▼

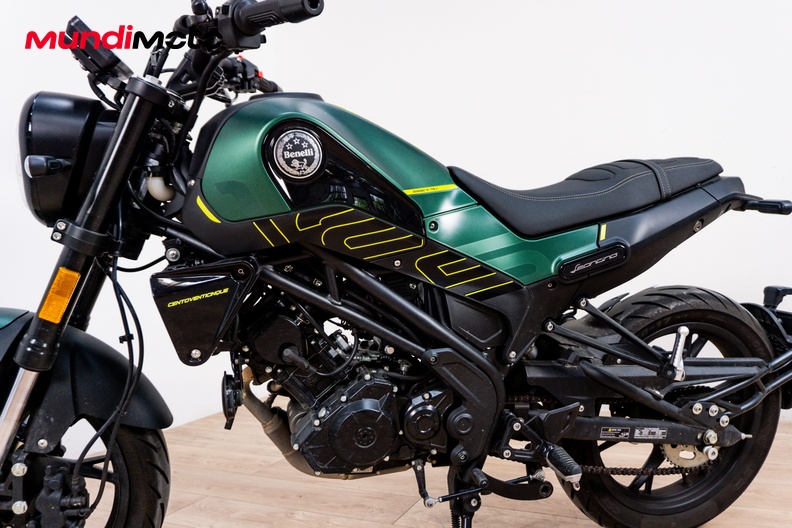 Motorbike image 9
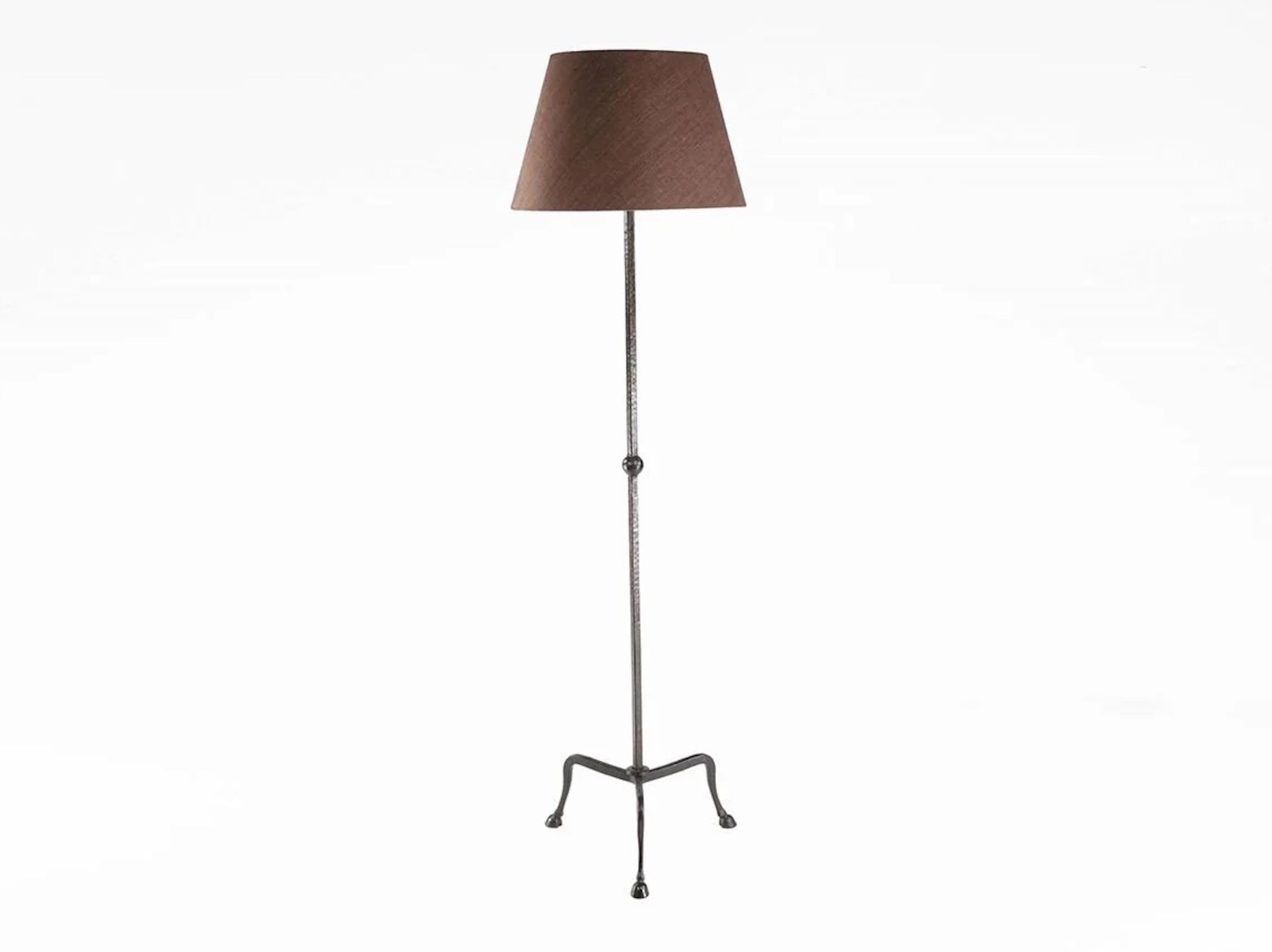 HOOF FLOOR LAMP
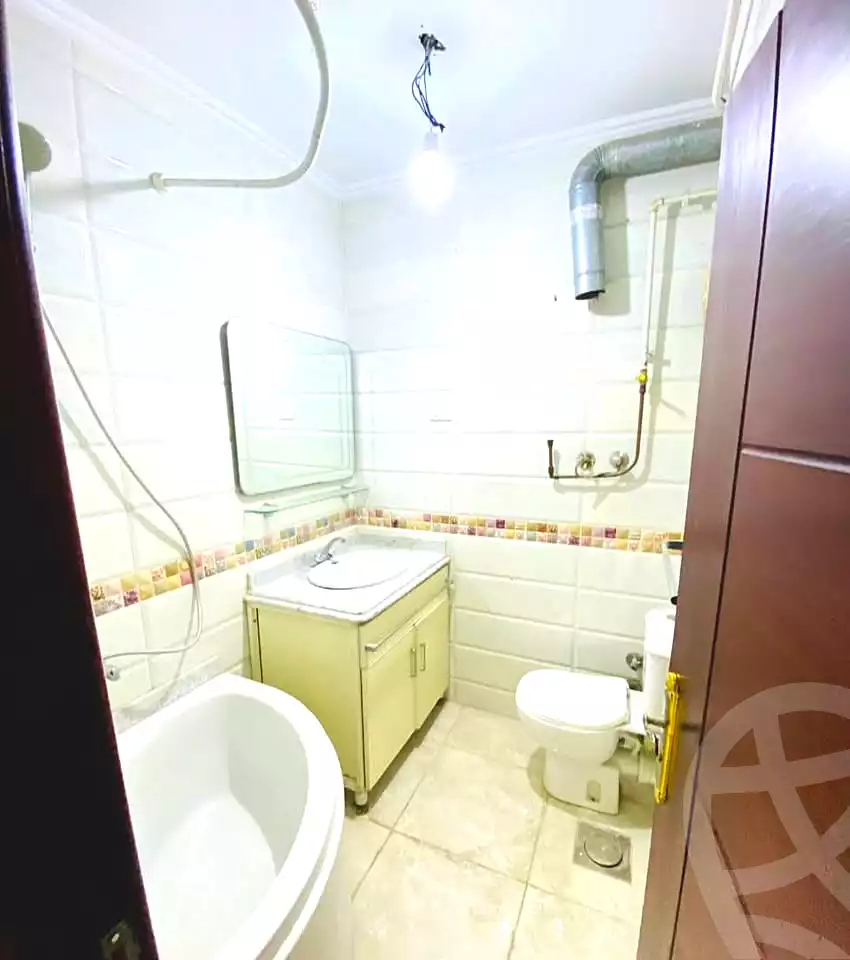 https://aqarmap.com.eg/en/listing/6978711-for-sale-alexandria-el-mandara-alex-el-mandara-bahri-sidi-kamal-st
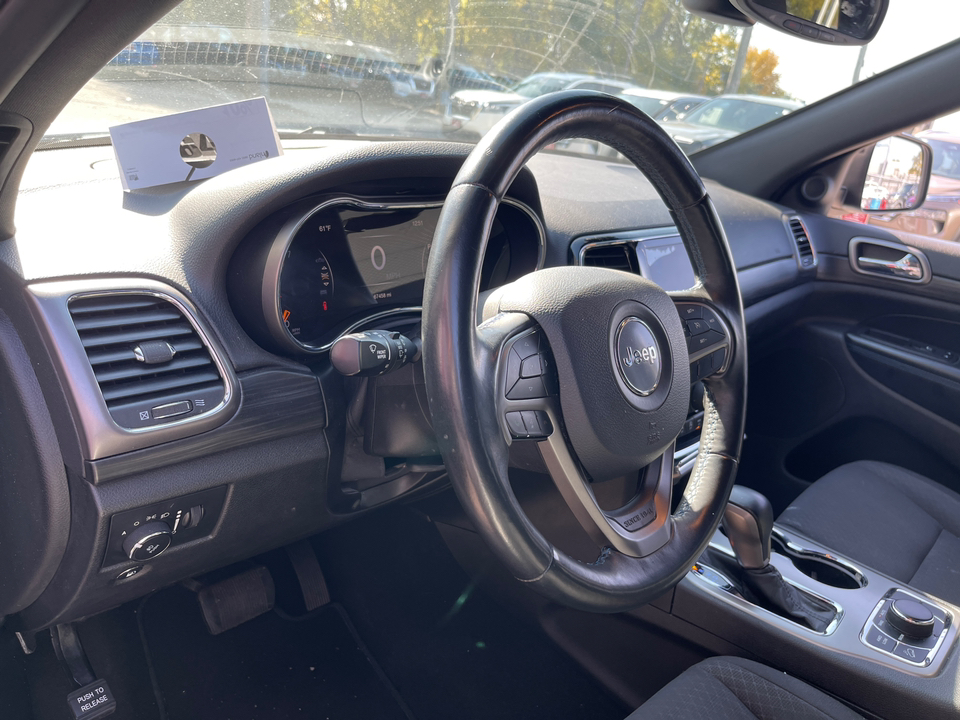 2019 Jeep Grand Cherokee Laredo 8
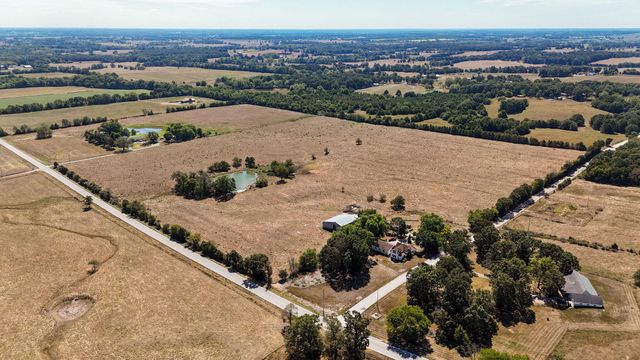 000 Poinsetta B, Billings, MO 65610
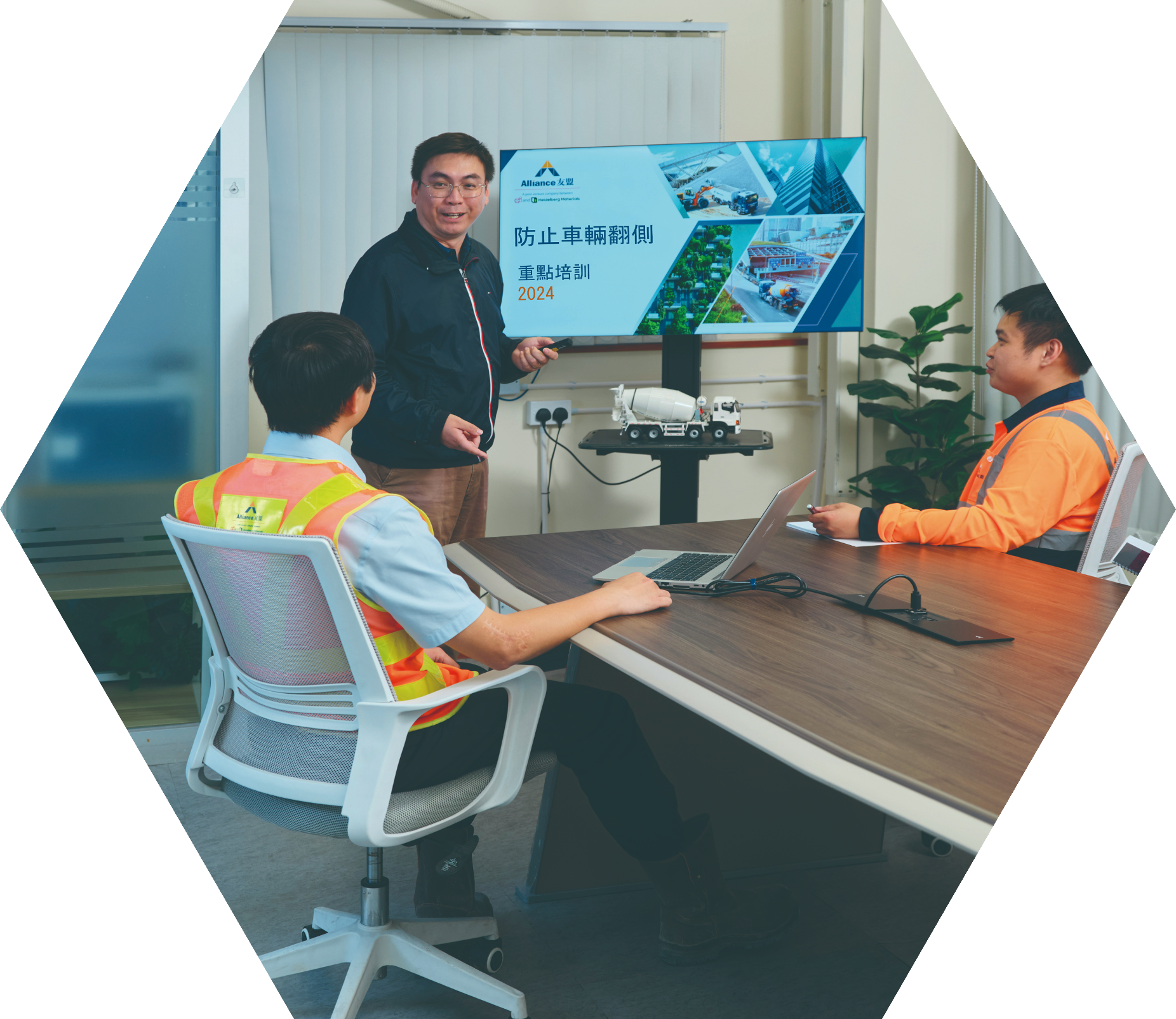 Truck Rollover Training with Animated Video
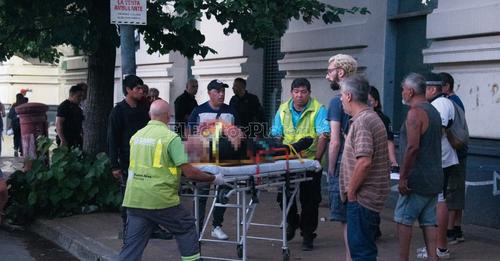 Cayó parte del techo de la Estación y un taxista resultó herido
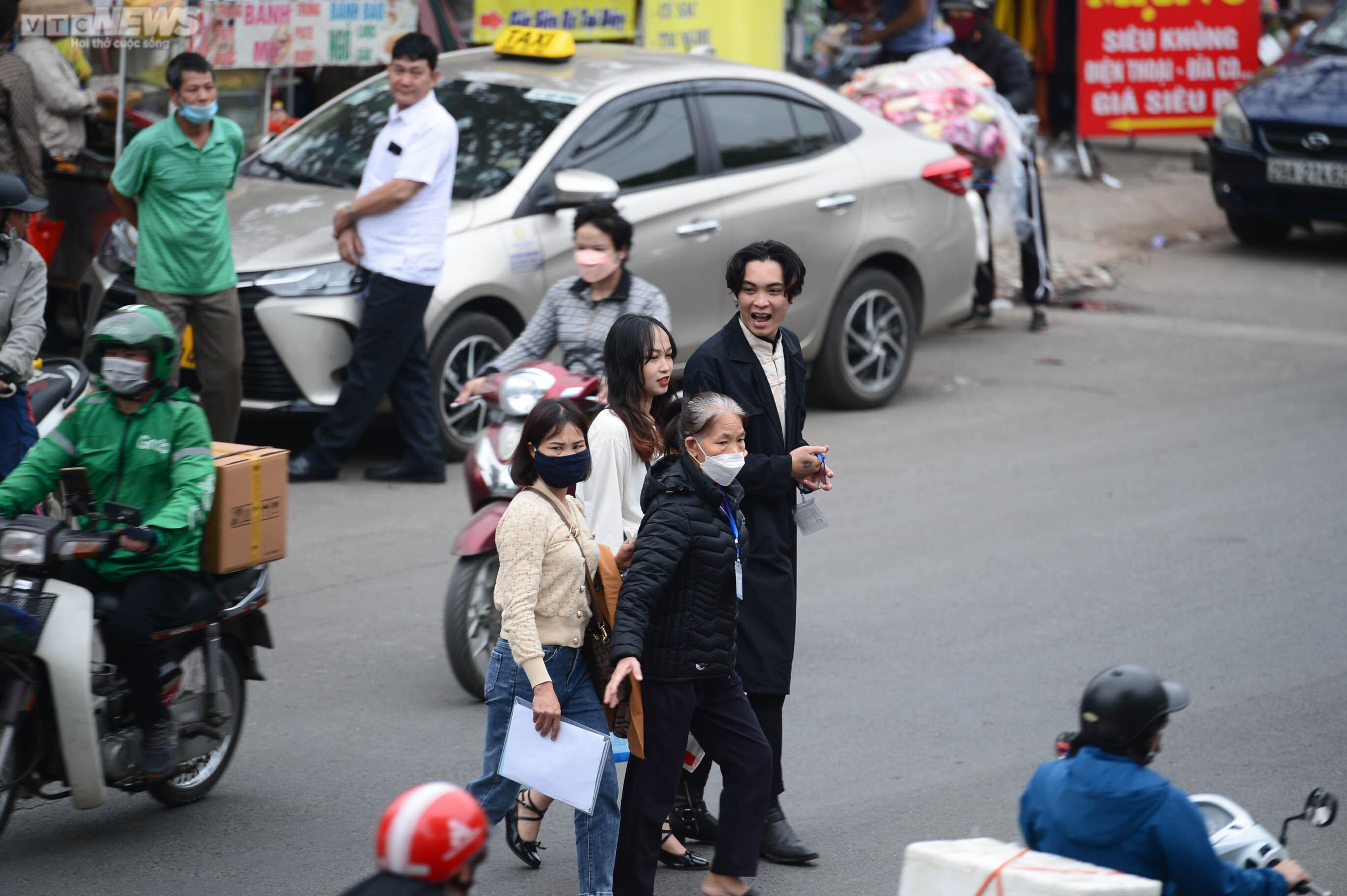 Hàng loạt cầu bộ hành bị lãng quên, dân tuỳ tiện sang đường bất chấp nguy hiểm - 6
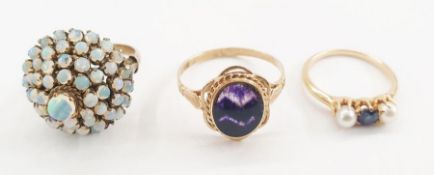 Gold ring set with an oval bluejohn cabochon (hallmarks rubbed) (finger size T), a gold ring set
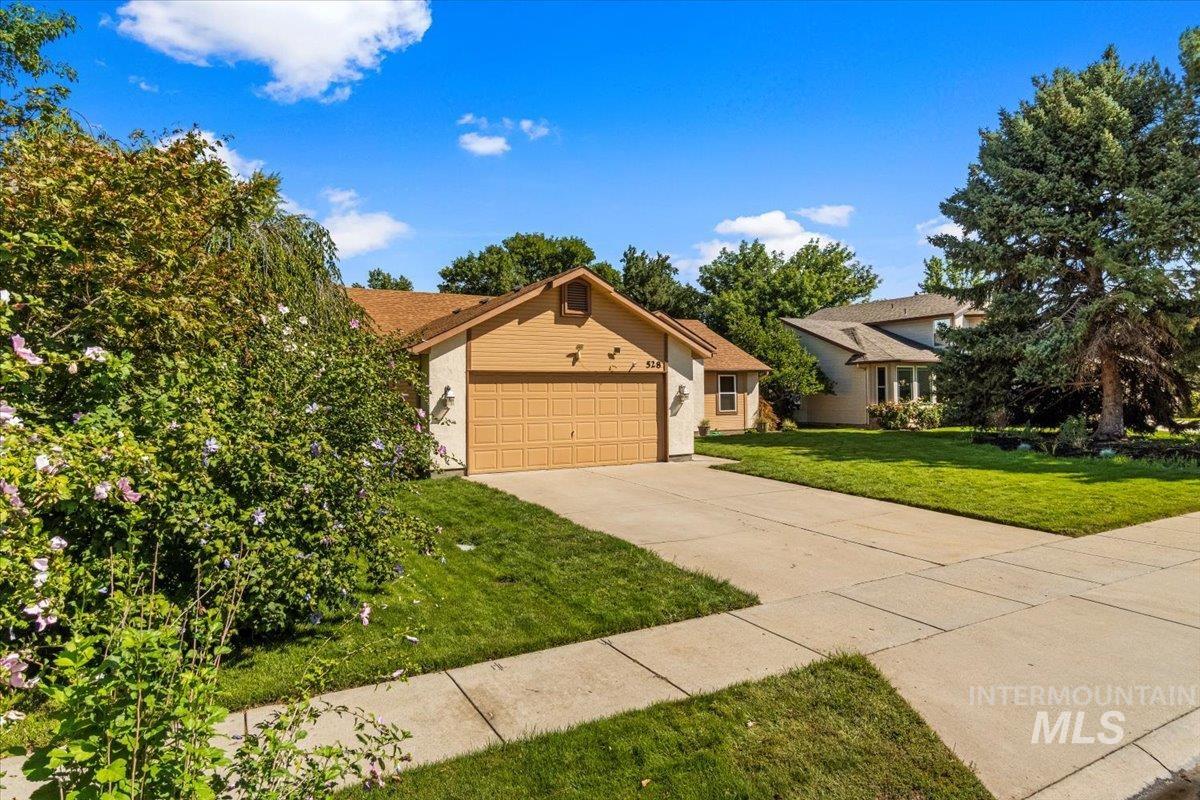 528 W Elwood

▲

An exact copy of the lines from the line containing "Truck Rollover Training with Animated Video" through the final line of the listing, without pictures, is the expected result.

OUTPUT FOR THIS EXERCISE:
 Truck Rollover Training with Animated Video
 Cayó parte del techo de la Estación y un taxista resultó herido
 Hàng loạt cầu bộ hành bị lãng quên, dân tuỳ tiện sang đường bất chấp nguy hiểm - 6
 Gold ring set with an oval bluejohn cabochon (hallmarks rubbed) (finger size T), a gold ring set
 528 W Elwood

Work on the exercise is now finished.